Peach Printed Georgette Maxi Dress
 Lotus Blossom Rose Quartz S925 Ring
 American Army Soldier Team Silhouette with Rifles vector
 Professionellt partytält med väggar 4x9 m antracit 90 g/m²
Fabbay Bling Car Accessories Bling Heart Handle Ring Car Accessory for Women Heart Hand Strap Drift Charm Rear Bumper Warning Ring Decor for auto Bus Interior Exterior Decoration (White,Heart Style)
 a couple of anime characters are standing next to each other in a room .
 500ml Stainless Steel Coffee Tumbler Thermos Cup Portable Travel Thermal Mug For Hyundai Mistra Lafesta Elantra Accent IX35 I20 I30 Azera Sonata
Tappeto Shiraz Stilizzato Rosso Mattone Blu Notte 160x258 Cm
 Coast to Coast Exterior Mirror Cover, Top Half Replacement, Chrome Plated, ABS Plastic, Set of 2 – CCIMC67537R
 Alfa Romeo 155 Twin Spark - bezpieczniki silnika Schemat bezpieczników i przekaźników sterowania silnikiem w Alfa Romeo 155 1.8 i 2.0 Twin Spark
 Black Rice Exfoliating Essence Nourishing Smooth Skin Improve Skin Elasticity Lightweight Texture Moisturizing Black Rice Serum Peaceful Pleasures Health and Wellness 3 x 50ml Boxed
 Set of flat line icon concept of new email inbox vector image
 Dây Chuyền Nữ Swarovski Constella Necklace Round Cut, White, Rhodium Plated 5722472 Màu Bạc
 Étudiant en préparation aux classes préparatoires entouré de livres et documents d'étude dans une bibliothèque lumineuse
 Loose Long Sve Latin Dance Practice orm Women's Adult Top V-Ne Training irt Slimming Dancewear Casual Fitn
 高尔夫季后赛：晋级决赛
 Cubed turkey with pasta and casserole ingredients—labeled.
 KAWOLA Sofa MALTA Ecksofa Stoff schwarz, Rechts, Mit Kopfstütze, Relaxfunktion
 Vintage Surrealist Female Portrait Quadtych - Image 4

Exercise aim
Retype only the lines running from the line with "Cubed turkey with" to the end of the listing, including both of those lines.

Answer
 Cubed turkey with pasta and casserole ingredients—labeled.
 KAWOLA Sofa MALTA Ecksofa Stoff schwarz, Rechts, Mit Kopfstütze, Relaxfunktion
 Vintage Surrealist Female Portrait Quadtych - Image 4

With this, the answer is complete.